Rain Man is based on the novel by American savant Laurence Kim Peek and tells the storey of car dealer Charlie Babbitt (Tom Cruise), who learns that his recently deceased (and estranged) father left his $3 million inheritance to the psychiatric hospital where his brother—who he never met—is incarcerated. Babbitt is initially driven by money, so he checks his brother Raymond out of the institution and returns to Los Angeles, only to embark on a life-changing road trip with his brother Raymond, during which the two brothers develop an amazing bond.
Moneyball is based on Michael Lewis’s 2003 book and tells the storey of how Oakland A’s general manager Billy Beane (played by Brad Pitt) teams up with Ivy Leaguer Peter Brand (played by Jonah Hill) to turn around a struggling team despite a small budget. The two put together an underdog team of game winners by using a “sabermetric” approach to scouting players (basically changing emphasis to cold hard statistics).

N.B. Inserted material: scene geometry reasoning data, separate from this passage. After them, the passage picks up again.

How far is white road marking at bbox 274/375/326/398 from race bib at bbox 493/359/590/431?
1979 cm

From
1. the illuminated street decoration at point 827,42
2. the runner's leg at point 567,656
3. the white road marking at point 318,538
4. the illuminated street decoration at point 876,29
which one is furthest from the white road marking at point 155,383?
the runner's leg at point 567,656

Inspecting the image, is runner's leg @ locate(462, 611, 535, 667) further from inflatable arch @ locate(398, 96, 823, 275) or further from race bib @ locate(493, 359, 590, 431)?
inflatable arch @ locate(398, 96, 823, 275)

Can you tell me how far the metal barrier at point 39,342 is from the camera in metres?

During a terror attack, a hotel staff risks everything to keep its guests safe, particularly a British heiress, her husband, and their child.

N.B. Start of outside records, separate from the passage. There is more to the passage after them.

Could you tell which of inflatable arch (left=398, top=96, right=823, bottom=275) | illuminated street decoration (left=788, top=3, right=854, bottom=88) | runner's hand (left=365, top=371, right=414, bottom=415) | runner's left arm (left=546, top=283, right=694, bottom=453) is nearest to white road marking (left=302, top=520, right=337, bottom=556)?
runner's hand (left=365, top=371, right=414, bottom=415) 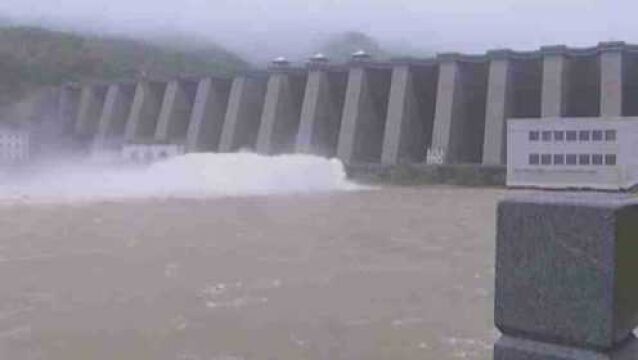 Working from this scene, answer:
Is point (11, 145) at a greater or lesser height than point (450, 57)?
lesser

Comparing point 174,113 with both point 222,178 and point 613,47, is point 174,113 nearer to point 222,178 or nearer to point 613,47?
point 222,178

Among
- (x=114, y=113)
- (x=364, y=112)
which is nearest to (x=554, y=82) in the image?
(x=364, y=112)

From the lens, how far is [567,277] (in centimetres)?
184

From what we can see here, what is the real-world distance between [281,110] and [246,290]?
121ft

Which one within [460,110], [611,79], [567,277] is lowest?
[567,277]

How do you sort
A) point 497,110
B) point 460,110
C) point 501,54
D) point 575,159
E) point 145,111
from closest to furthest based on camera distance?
point 575,159
point 497,110
point 501,54
point 460,110
point 145,111

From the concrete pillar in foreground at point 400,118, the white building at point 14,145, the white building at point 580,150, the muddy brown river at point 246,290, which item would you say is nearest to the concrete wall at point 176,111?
the white building at point 14,145

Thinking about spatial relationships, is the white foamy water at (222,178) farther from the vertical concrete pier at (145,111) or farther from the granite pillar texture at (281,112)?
the vertical concrete pier at (145,111)

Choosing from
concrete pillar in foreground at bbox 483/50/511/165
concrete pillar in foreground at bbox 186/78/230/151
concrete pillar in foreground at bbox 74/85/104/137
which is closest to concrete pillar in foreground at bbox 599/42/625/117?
concrete pillar in foreground at bbox 483/50/511/165

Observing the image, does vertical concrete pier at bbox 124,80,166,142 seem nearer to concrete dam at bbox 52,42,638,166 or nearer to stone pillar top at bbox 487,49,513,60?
concrete dam at bbox 52,42,638,166

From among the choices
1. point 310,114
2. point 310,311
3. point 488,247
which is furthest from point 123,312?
point 310,114

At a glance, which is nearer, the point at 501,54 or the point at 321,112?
the point at 501,54

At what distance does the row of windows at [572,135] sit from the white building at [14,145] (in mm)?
38544

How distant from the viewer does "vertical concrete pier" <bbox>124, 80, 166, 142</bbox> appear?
49656 millimetres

Raging Bull is a classic sports film that was adapted from Jake LaMotta’s memoir, Raging Bull: My Story, and follows the life of an angry-yet-talented boxer as he rises to fame, falls in love, and fights his inner demons.
The king’s speech
Colin Firth won the Best Actor Oscar for his nuanced portrayal of King George VI in this Best Picture-winning film. Since unexpectedly ascending the throne after his brother abdicates, the king is forced to work with an unorthodox speech therapist to find a cure to his life-long stutter (Geoffrey Rush).
Out of Africa
Based on the memoir by Baroness Karen von Blixen (also known as Isak Dinesen), the movie tells the story of a Danish aristocrat who buys a coffee plantation in Kenya, where she falls in love with an American big-game hunter played by Robert Redford. This Best-Picture winner has sumptuous scenery, Meryl Streep doing an accent, and, well, Robert Redford.

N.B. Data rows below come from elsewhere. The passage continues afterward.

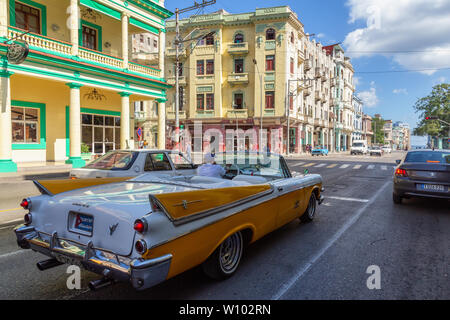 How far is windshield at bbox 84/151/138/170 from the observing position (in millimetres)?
7086

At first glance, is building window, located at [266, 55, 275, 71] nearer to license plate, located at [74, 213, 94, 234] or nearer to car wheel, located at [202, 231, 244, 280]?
car wheel, located at [202, 231, 244, 280]

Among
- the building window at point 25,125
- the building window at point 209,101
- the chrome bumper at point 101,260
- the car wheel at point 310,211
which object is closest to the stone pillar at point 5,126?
the building window at point 25,125

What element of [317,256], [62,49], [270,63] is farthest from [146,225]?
[270,63]

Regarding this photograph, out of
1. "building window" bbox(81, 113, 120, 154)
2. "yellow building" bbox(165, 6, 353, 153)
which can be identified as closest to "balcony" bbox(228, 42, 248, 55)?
"yellow building" bbox(165, 6, 353, 153)

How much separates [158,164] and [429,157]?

Based on the life of music legend Ray Charles, the film follows Charles (in an Oscar-winning performance by Jamie Foxx) as he makes his way in the music industry, overcoming racism and discrimination against his blindness to become a hit. But fame isn’t without its drawbacks, and Charles must confront his own demons to ensure that his star doesn’t burn out before its time.
Wild is based on Cheryl Strayed’s memoir, Wild: From Lost to Found on the Pacific Crest Trail, and stars Reese Witherspoon. It tells the storey of the author who, after a series of setbacks and hardships, including the death of her mother (played by Laura Dern) and the disintegration of her marriage, chooses to embark on a journey of self-discovery by hiking 1,100 miles of the Pacific Crest Trail.
Midnight express 1978
Midnight Express is based on the true storey of Billy Hayes, an American college student who is arrested and imprisoned for smuggling drugs out of Turkey. The title of the film is prison slang for an inmate attempting to flee, which Billy does several times only to be recaptured and brutally assaulted by the guards. The soundtrack, which won the Academy Award for Best Original Score in 1979, is one of the most well-known aspects of the film.
Apocalypse Now is loosely based on Joseph Conrad’s Heart of Darkness (1899), which was inspired by true events in the author’s life. Captain Willard, played by Martin Sheen, is sent on a risky mission into Cambodia to kill a renegade colonel (Marlon Brando) who has set himself up as a god among a local tribe and is presumed insane in this remake of the storey set during the Vietnam War. Oh, and The Doors’ score is incredible!
Catch me if you can
In this feature film based on the life of Frank Abagnale Jr., Leonardo DiCaprio and Tom Hanks play the lead roles. Abagnale grew up to be an expert in forgery and disguise, and he was able to cash checks worth millions of dollars while posing as a Pan Am pilot, a doctor, and a legal prosecutor. What’s more remarkable is that he accomplished all of this before turning 19, and the only reason he did so was to reunite his parents, who had become estranged due to financial difficulties. The film blends comedic scenes with fast action and outstanding acting, so DiCaprio should have gotten his long-awaited Oscar.